··· Dataset

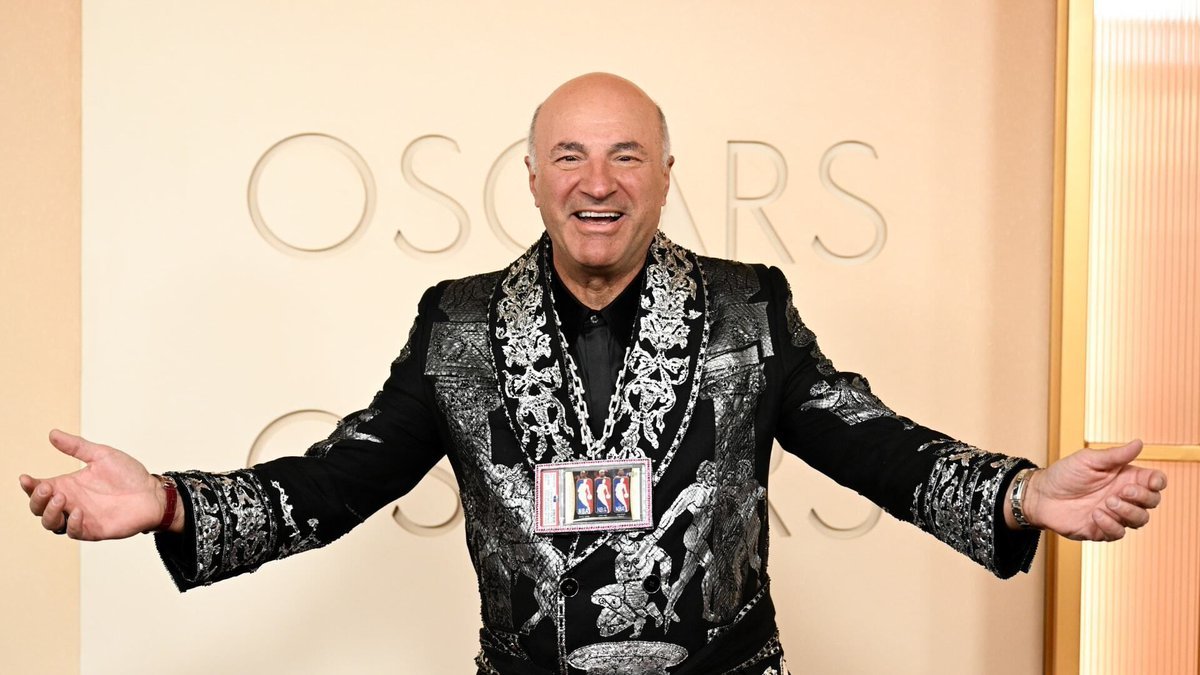 Molly Ploofkins tweet media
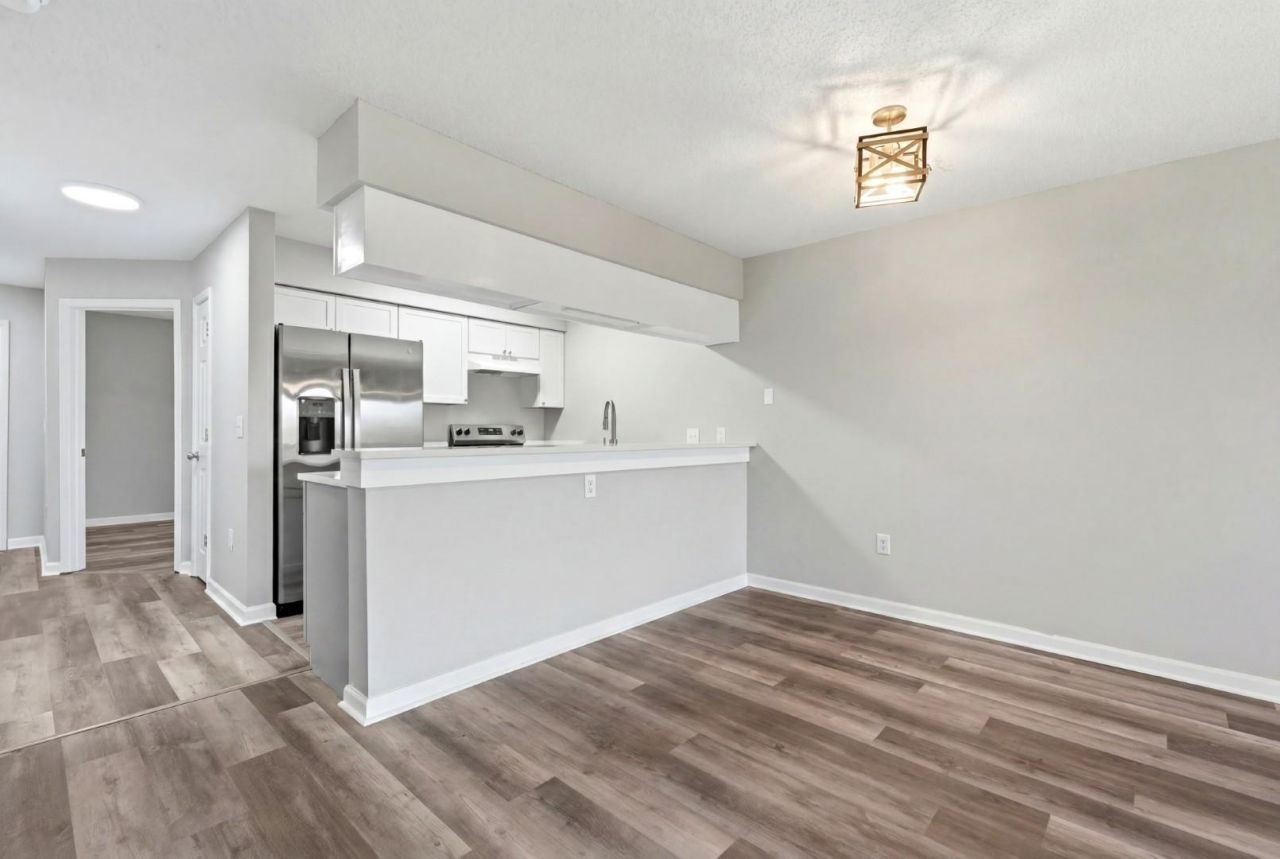 5040 Windsor Green Way  Photo 4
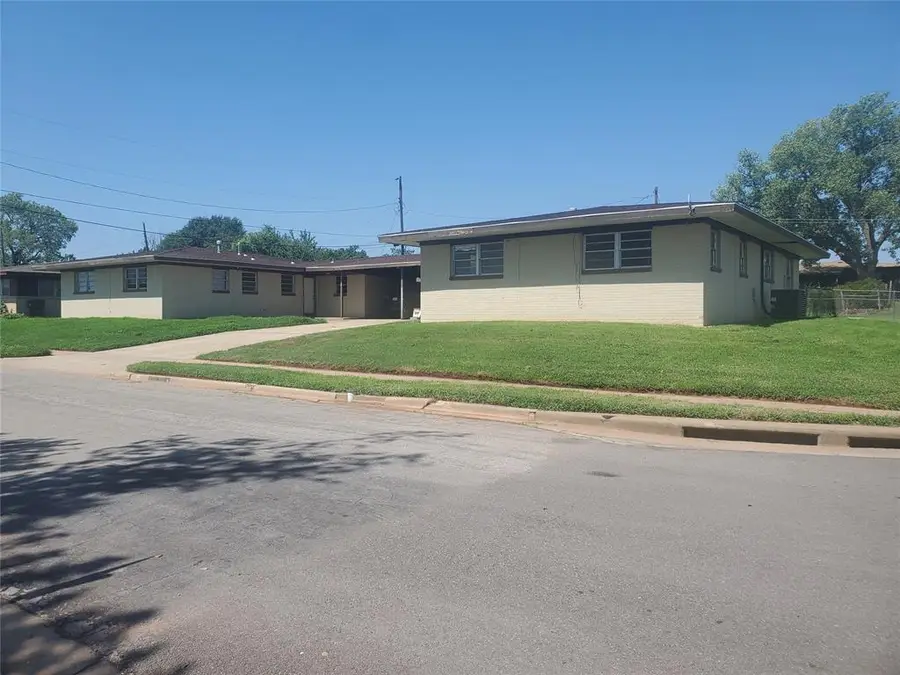 211 Mohawk Trail #A & B, Foss, OK 73647 - #2
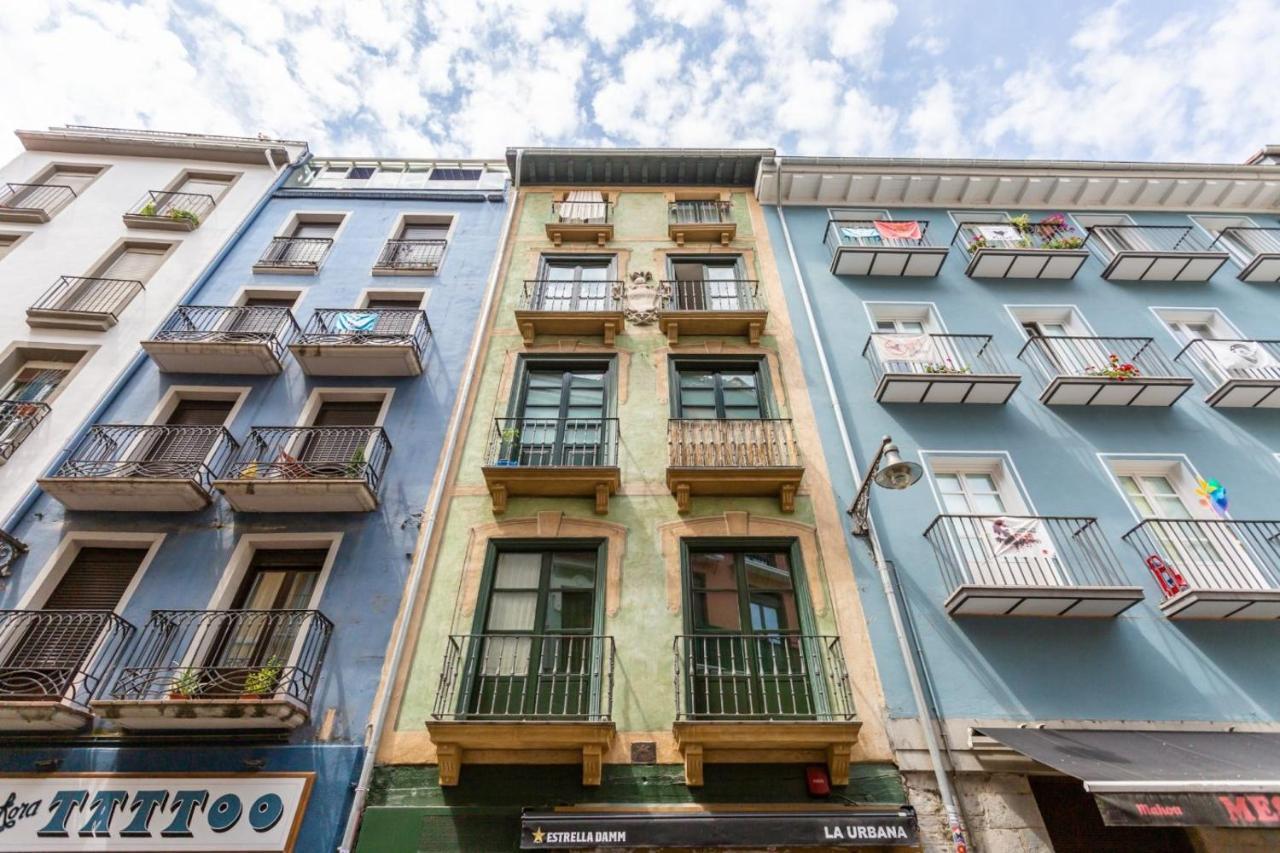 Trampantojo Apartamento En El Corazon De Pamplona Kültér fotó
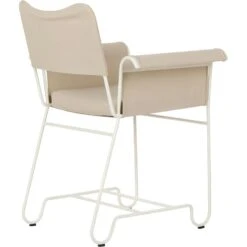 Gubi Tropique Esszimmerstuhl, Classic White Semi Matt / Udine 12 7 Gubi Tropique Esszimmerstuhl, Classic White Semi Matt / Udine 12 -Gartenmöbel Rabatte gubi tropique dining chair black limonta udine 06 9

······

● **Description of the task**
Return only the lines from the line containing "211 Mohawk Trail #A & B, Foss, OK 73647 - #2" through the last line of the records above, both ends included, exactly as written, leaving pictures out.

● **Result**
 211 Mohawk Trail #A & B, Foss, OK 73647 - #2
 Trampantojo Apartamento En El Corazon De Pamplona Kültér fotó
 Gubi Tropique Esszimmerstuhl, Classic White Semi Matt / Udine 12 7 Gubi Tropique Esszimmerstuhl, Classic White Semi Matt / Udine 12 -Gartenmöbel Rabatte gubi tropique dining chair black limonta udine 06 9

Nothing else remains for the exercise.